Note de lecture

D. Schnapper : L’universel républicain et les particularismes

par Pierre Biard 14 juin 2016

Dominique Schnapper, La République aux 100 cultures, Arfuyen, coll. La faute à Voltaire, 2016, 136 pp, 10 €.

Ce petit livre rassemble cinq articles parus dans diverses publications, entre 2006 et 2015. Différents par l’argumentation et les exemples, ces articles constituent cependant une unité suggérée par le titre de l’ouvrage, La République aux cent cultures, autrement dit l’universalisme républicain confronté, non pas précisément à 100 cultures - le nombre n’étant ici qu’un simple amplificateur rhétorique -, mais au multiculturalisme. "Culture" est entendu dans son sens sociologique que l’auteur définit ainsi : "...les identités, les références culturelles et les fidélités particulières -en d’autres termes, le multiculturalisme" [1].

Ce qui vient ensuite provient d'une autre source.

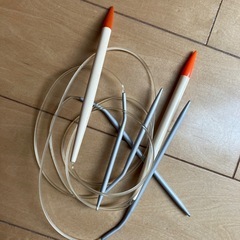棒針と輪針の画像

Célèbre pour ses travaux en sociologie qui ont donné lieu à de nombreuses publications ainsi que pour sa participation à plusieurs commissions de réflexion sur des sujets de société, durant près de dix ans membre du Conseil constitutionnel, Dominique Schnapper a porté une grande attention au problème de l’intégration - on disait naguère "assimilation" - des étrangers. La République aux 100 cultures peut être considérée comme un résumé de sa pensée sur ce sujet. Désireux d’en savoir davantage, le lecteur pourra se reporter à trois autres de ses ouvrages : La communauté des citoyens, La démocratie providentielle et, en collaboration, Qu’est-ce que la citoyenneté ? cette troisième étude ayant l’avantage d’offrir de nombreux documents de référence [2].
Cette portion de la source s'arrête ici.